▶ **Task details**: Return each line of the entries that holds the string "Picture".

(Records from a dataset)

┌──

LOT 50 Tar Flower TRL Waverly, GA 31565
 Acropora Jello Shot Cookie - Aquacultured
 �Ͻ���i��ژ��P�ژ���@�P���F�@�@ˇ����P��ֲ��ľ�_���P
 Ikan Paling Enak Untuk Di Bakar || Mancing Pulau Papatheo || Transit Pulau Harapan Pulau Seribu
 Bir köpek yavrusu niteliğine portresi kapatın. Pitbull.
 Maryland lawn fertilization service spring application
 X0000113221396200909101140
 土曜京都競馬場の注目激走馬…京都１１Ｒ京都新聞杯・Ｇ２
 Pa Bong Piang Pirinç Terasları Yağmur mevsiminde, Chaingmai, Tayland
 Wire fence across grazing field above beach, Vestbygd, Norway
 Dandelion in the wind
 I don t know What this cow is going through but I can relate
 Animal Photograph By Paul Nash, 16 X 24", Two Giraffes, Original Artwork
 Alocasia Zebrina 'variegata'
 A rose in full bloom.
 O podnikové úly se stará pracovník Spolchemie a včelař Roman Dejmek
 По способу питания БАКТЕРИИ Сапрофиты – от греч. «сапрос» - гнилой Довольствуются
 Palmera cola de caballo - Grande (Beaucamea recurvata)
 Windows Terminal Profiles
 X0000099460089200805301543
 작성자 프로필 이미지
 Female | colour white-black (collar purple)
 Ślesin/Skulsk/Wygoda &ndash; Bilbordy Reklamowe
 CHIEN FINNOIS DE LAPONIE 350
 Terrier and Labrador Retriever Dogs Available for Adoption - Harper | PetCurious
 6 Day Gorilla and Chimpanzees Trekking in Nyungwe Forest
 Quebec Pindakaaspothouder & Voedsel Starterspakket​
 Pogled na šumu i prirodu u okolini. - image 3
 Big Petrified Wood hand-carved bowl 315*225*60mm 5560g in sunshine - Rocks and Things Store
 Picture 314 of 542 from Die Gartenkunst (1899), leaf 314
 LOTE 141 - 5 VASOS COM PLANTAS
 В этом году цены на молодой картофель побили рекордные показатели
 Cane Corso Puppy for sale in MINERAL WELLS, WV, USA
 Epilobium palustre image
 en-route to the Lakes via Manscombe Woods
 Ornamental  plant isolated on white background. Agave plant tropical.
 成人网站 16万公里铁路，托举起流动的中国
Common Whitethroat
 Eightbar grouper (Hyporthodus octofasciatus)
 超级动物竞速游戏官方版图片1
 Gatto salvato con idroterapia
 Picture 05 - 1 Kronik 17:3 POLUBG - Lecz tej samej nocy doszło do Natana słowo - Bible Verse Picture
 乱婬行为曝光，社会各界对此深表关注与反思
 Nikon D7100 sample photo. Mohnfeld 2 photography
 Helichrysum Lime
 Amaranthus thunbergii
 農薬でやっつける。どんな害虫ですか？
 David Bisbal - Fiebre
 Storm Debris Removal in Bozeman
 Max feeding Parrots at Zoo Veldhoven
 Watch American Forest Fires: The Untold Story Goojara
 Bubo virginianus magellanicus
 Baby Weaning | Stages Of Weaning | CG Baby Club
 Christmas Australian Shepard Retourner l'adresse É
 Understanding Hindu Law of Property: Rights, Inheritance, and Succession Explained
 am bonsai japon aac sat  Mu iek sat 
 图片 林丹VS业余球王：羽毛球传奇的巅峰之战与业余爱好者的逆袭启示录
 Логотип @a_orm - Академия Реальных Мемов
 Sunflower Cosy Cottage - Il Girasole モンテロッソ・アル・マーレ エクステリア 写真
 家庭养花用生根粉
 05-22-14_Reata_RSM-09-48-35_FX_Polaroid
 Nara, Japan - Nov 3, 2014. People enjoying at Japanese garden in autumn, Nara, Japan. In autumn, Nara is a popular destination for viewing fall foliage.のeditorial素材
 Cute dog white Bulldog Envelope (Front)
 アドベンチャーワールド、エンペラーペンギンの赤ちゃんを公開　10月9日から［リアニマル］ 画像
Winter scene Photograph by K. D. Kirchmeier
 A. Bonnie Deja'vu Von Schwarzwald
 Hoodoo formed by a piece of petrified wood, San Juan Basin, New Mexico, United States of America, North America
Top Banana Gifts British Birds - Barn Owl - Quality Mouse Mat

└──

▶ **Response to this task**:
 Picture 314 of 542 from Die Gartenkunst (1899), leaf 314
 Picture 05 - 1 Kronik 17:3 POLUBG - Lecz tej samej nocy doszło do Natana słowo - Bible Verse Picture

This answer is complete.